It's fun to be on the other end of show'n'tell, getting your replies, especially after my having been fairly absent from the forum and this Share Your Music section for a long time.

I've told Sherry privately that I might be transitioning into a phase in life that I have been longing for over the last couple decades, to return to doing some of my own music. Last evening I was about to record a piano collection named Intervals for Piano, that I wrote around 1978, and realized that the last piece still wasn't done. In 30 minutes I finished a collection of piano pieces that had been left unfinished for more than 30 years. Well, actually, when I was sitting in jury duty today, I conceived one more piece that needs to be added at the end; it will tie everything together in collection.

Yes, these are recordings from my own Yamaha C6 grand. A few days ago I splurged, and with Sherry's advice, got a Tascam DR-100 hand-held digital recorder at Amazon for just a few more dollars than half of its not-so-cheap list price. This amazing little recorder accepts input through XLR jacks from my Rodes NT5 mics, if I don't want to use its two pairs of built-in mics.

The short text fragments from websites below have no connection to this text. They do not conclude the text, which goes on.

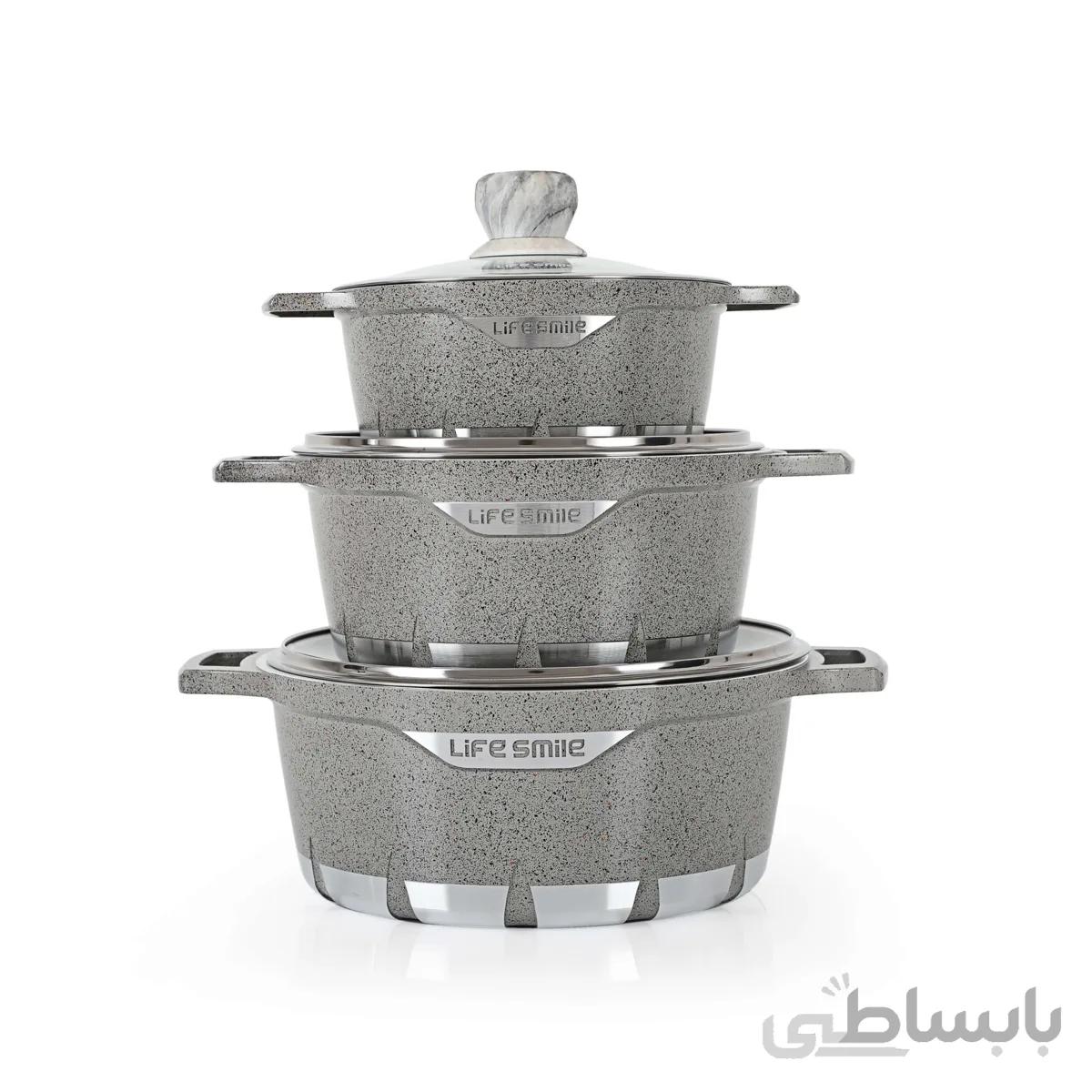 سرویس قابلمه گرانیتی لایف اسمایل مدل FLCM 3 شامل 6 پارچه ا LIFESMILE FLCM-3 Cookware Set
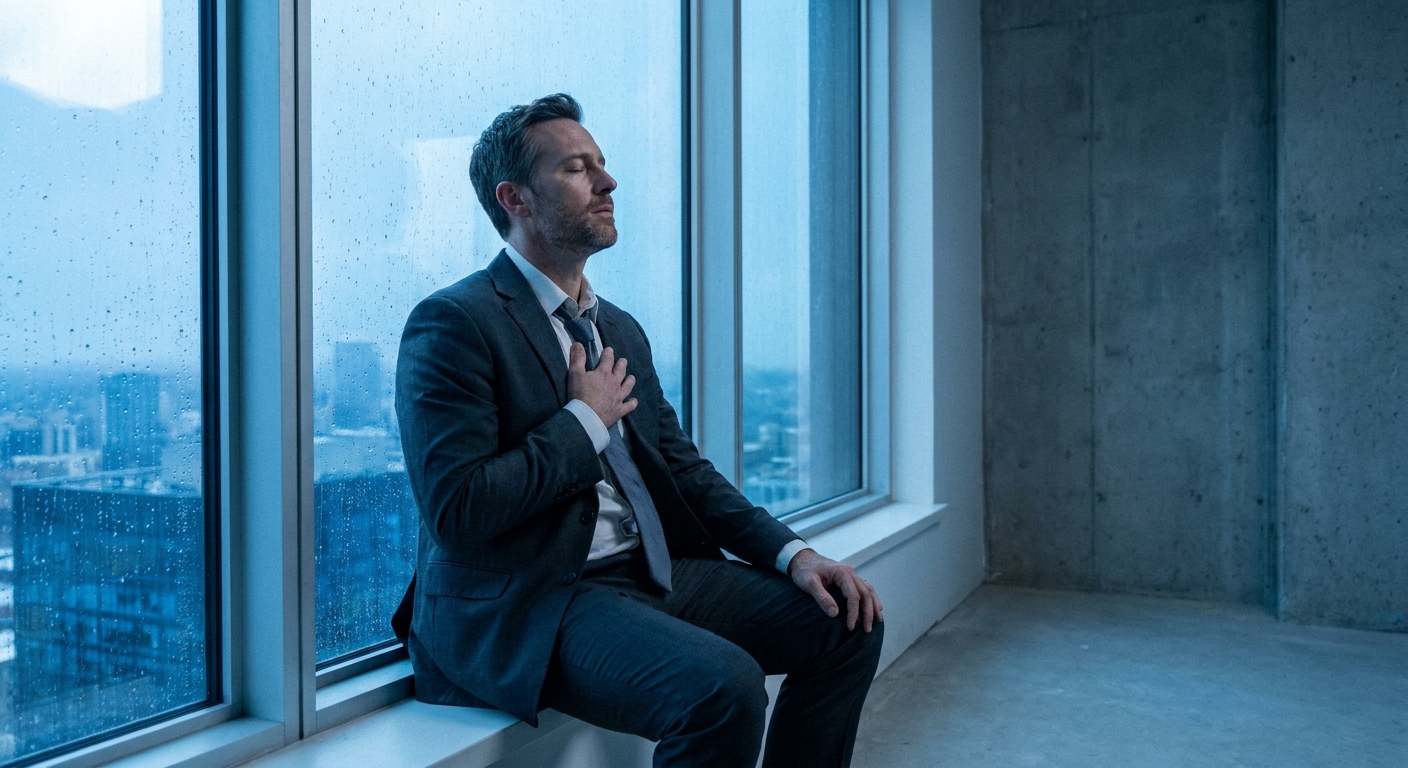 Executivo em burnout meditando à beira da janela com luz natural azulada, mão no peito e olhos fechados — frases de inspiração para executivos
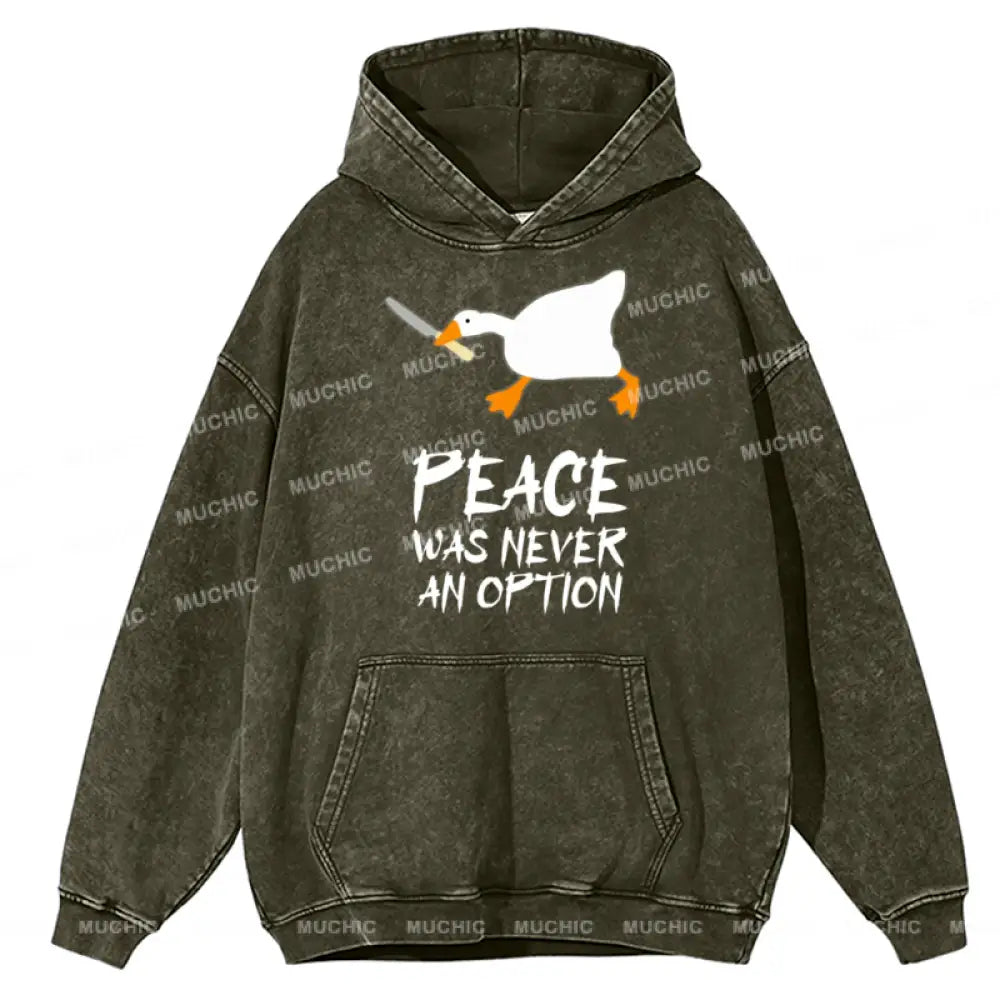 Peace Unisex Printed Casual Washed Hoodie Sweatshirt Olive / M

I did absolutely no post audio processing, other than zipping the 24-bit 48Mhz wave files. So, no, Gary doesn't get credit for the sound. There's even the realism of slightly out-of-tune strings on the piano (or maybe not so slightly for more sensitive ears than mine).

The Intervals for Piano pieces, which I'll probably record next, are a little bit more difficult to play. I'm thinking that I might record them via MIDI from the Yamaha C6 which also is a Disklavier. I'll record the MIDI into Composer, and fix up inevitable wrong notes there. It won't be so bad that I still haven't gotten around to implementing metronomeless transcription in Composer, because I just need to change pitches, delete notes, maybe add a few, and change the MIDI note-on/off times-- none of that really requires that the rhythms are accurately represented. Then I'll play from Composer back to the Disklavier, as though I'm a virtuoso pianist, completely cheating, and record the real acoustic piano with the Tascam DR-100 and Rodes NT5 mics. The only hitch in this is that the fidelity of the Disklavier MIDI recording and playback can't promise to be perfect. But, I figure slight imperfections in timing and velocity of notes isn't nearly as bad as some of my bloopers. I'm too lazy to practice these pieces again to get them to a level that deserves any audience except the closest of friends.

Soon, I'll start learning about audio editing, and Sherry has been giving me some references to how I can learn more about this. You see, I'm really just MIDI guy, not an audio guy. But that is changing. For example, I have the new mind-blowing Melodyne Editor by Celemony, which just arrived in stores on Nov 16. It makes wave audio look like editable MIDI, so that you can correct specific notes in polyphonic audio. No kidding.